A catgirl "Wikipe-tan"

A catgirl is a female character with cat traits, such as cat ears, a cat tail, or other feline characteristics on an otherwise human body. Catgirls are found in various fiction genres and in particular Japanese anime and manga, where they are more commonly referred to as neko (猫, literally cat) or nekomimi (猫耳, literally cat ear(s)).[1]

Characteristics[edit]

Catgirls typically display cat-like behaviors, exhibiting traits such as playfulness, mischievousness and deviousness. Sometimes this may include cat gestures or sounds in written or verbal communications.

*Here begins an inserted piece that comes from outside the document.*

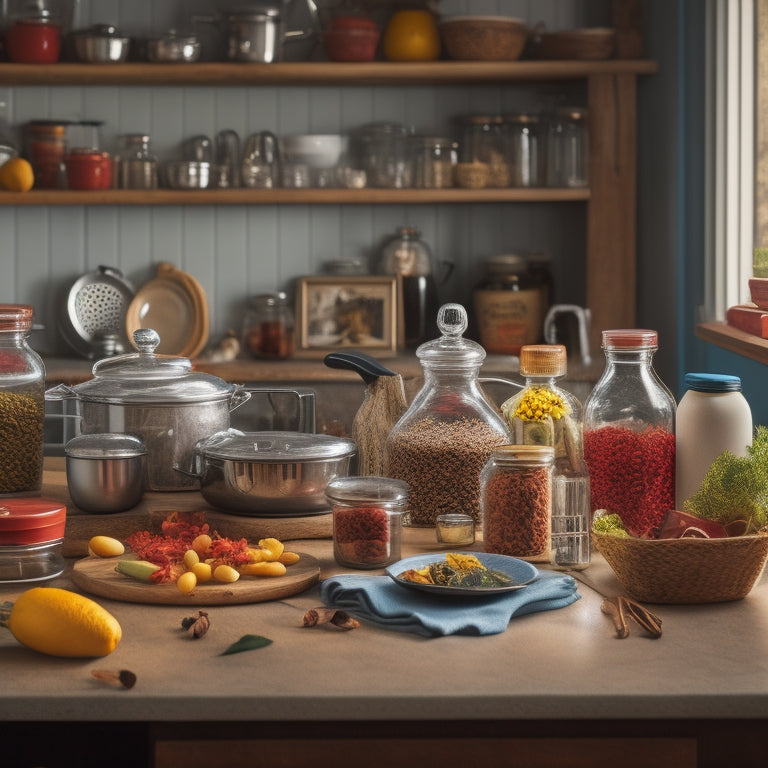 A cluttered kitchen counter with scattered utensils, appliances, and cookbooks, contrasted with a tidy section featuring a utensil organizer, a spice rack, and a few neatly arranged jars.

An oft-employed and, indeed, nigh-ubiquitous running gag is catgirls habitually engaging in the practice of ending their lines of speech with the phrase (にゃあ?) nyā, the Japanese onomatopoeia for a cat's meow.

In anime and manga regular humans will sometimes sprout cat ears or a tail in order to illustrate their excitable or playful personalities. This is similar to the phenomenon of becoming chibi. Additionally characters may be portrayed with a catlike mouth to emphasize particularly mischievous thoughts or comments by a character.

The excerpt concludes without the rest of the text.